David Hosbrook Dunkle was a paleontologist associated with the Cleveland Museum of Natural History and the National Museum of Natural History. His research and published works focused mainly on fish fossils. The genus Dunkleosteus is named in his honor.

Biography

Dunkle was born in Winnipeg, Manitoba, and grew up in Indiana, United States. He attended the University of Kansas and Harvard University. At Harvard, he studied under Alfred Romer and obtained his PhD in 1939. Afterward, he worked at the Cleveland Museum of Natural History, where he studied and published papers about arthrodires from the Cleveland area. He also led two trips to the west to bolster the museum's collection of fossils in the 1940s.
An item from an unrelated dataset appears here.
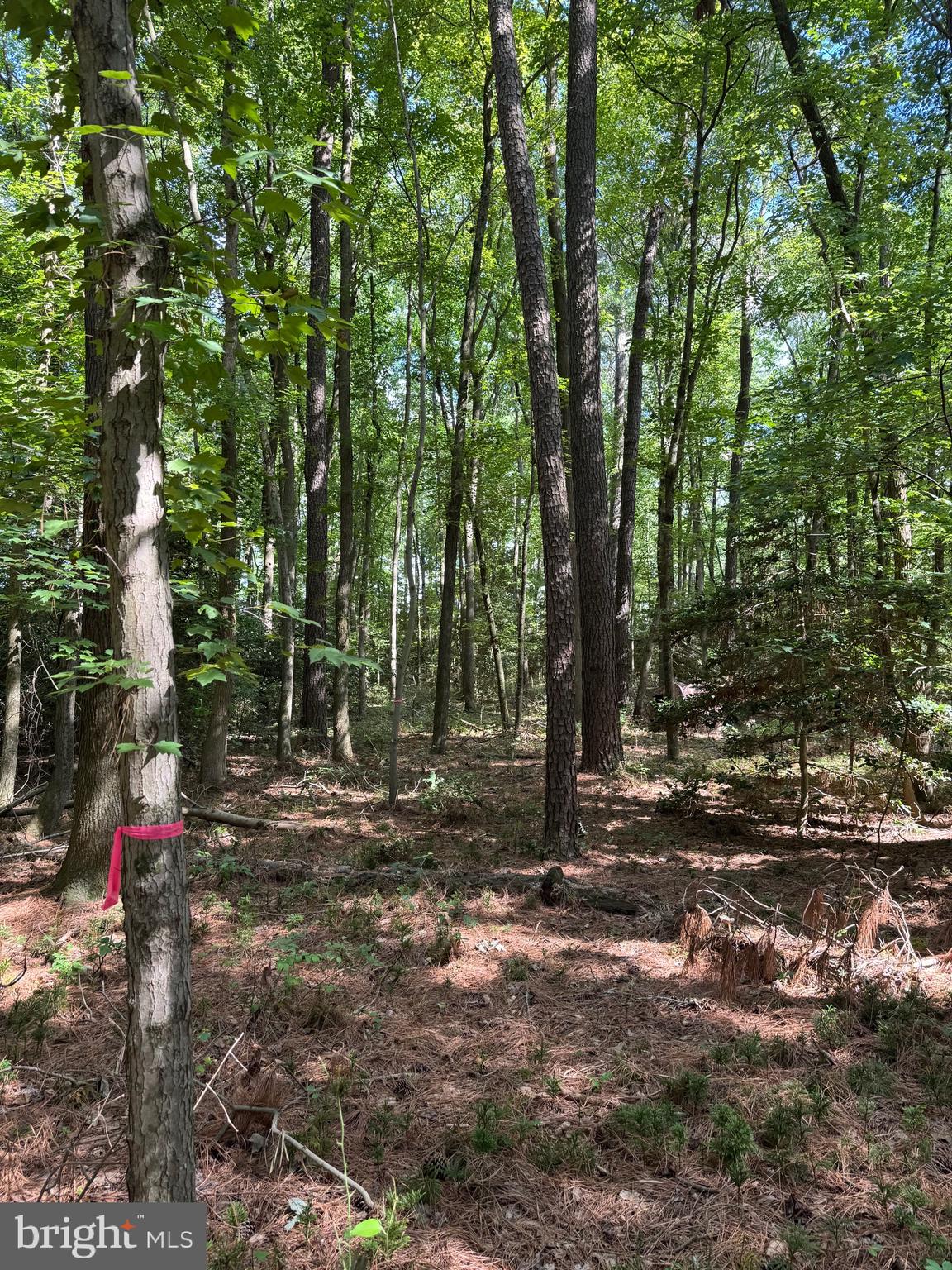 7 Kraft Road Vienna, MD 21869 - Photo 15 of 18 Gallery Image 15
A notable object he collected for the museum was CMNH 7541, a dinosaur skull upon which the controversial Nanotyrannus genus is based on. After Dunkle collected the skull in 1942, Charles W. Gilmore described the genus in 1946, classifying it as a new species in the tyrannosaur genus Gorgosaurus.
Dunkle left the CMNH in 1946 to work as a vertebrate paleontologist at the National Museum of Natural History, although he continued working with the CMNH and returned in the 1960s to advise the museum on an operation salvaging fossils from Interstate 71. He left the National Museum in March 1968, and worked at the CMNH until he retired in 1975. After retirement, he moved to Virginia. He died in Tappahannock on January 3, 1984.

Legacy

Through his lifetime, Dunkle published around fifty papers that mostly deal with the fossils of fish. The genus Dunkleosteus was named after him while still working at the CMNH, then as curator of vertebrate paleontology, in 1956.